Thanks Sue. I'm waiting to hear back from a trainer I used to go to before we moved house in the hope that he might be prepared to travel! I'm also tempted to do a doggie Reiki course at some stage - a bit of hands on healing to calm him down!!! Worth a try. Good luck with Maisie - at least it's only indoors and I suppose understandable if she's a bit nervous. Perhaps Bess'll give her confidence if she's pretty cool! Certainly Rupert's more chilled - but he does howl if left alone!


----------



## Mogdog (Feb 6, 2011)

Hi Eileen, I'm just bringing back this old thread as I was wondering if you've had any success with Alfie's barking following the visit from a behaviourist?

I've been so busy the last day or two that Maisie's barking hasn't bothered me at all!

Sue x


----------



## Freddies Mum (Nov 20, 2010)

You've maybe (hopefully) got this sorted by now but £750 is extortionate! I use some very good trainers, and they charge £60 for a one-to-one, which includes the initial consultation plus a training plan and ongoing support.

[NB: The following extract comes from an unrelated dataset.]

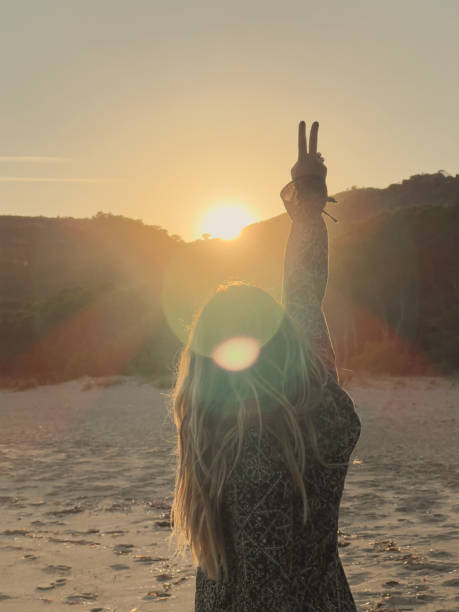 rear view of unrecognizable blonde woman bravely facing new goals and challenges. change and personal success by stepping out of the comfort zone and routine.vertical image with lens flare.copy space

APDT is a really good place to start, but you also need to find someone whos methods you agree with.


----------



## EG1 (May 14, 2011)

Oh Sue, I'm embarrassed to admit I found an excellent behaviourist recommended by my trainer and she spent 4 hours here chatting and giving advice - cost £145 so yes, a huge improvement on the £750 which was just silly!
I ended up with a huge pile of material to go through which I've had to put on the back burner until after Christmas. As with all things doggie there's no quick fix and I need to go back to basics with him. I need to reassure him that I'm coping ok and there's no need for him to stress about scary dogs etc. The go-behind command seems a useful one to develop for situations where he feels threatened.
I promise to post more detail when I've finished wrestling with turkeys etc...


----------



## Guest (Dec 22, 2011)

feel for you nothing worse than a barker , i would be willing to have him here in my home and asess him im sure i could help along with sarah my daughter she is a dog trainer ...free of charge janice


----------



## colpa110 (Jul 5, 2011)

romeo said:


> feel for you nothing worse than a barker , i would be willing to have him here in my home and asess him im sure i could help along with sarah my daughter she is a dog trainer ...free of charge janice


What a kind offer Janice...In your years of experience do you know what is good for itchy dogs? My Betty scratches/paws around her face a lot..fleas ec have been ruled out...


----------



## EG1 (May 14, 2011)

romeo said:


> feel for you nothing worse than a barker , i would be willing to have him here in my home and asess him im sure i could help along with sarah my daughter she is a dog trainer ...free of charge janice


Thanks Janice, that is a kind offer. I think the trouble stems from an unsettled year where we've moved house twice, our elderly dog died - and Alf relied on her quite heavily - oh and he was also neutered during this period as well. Starting agility seemed to trigger the anxious barking. It's definitely fear rather than aggression, so the behaviourist has given me lots of advice to help the anxiety. I'll let you know how I get on.


----------



## ali-s.j. (Jun 6, 2011)

EG1 said:


> I promise to post more detail when I've finished wrestling with turkeys etc...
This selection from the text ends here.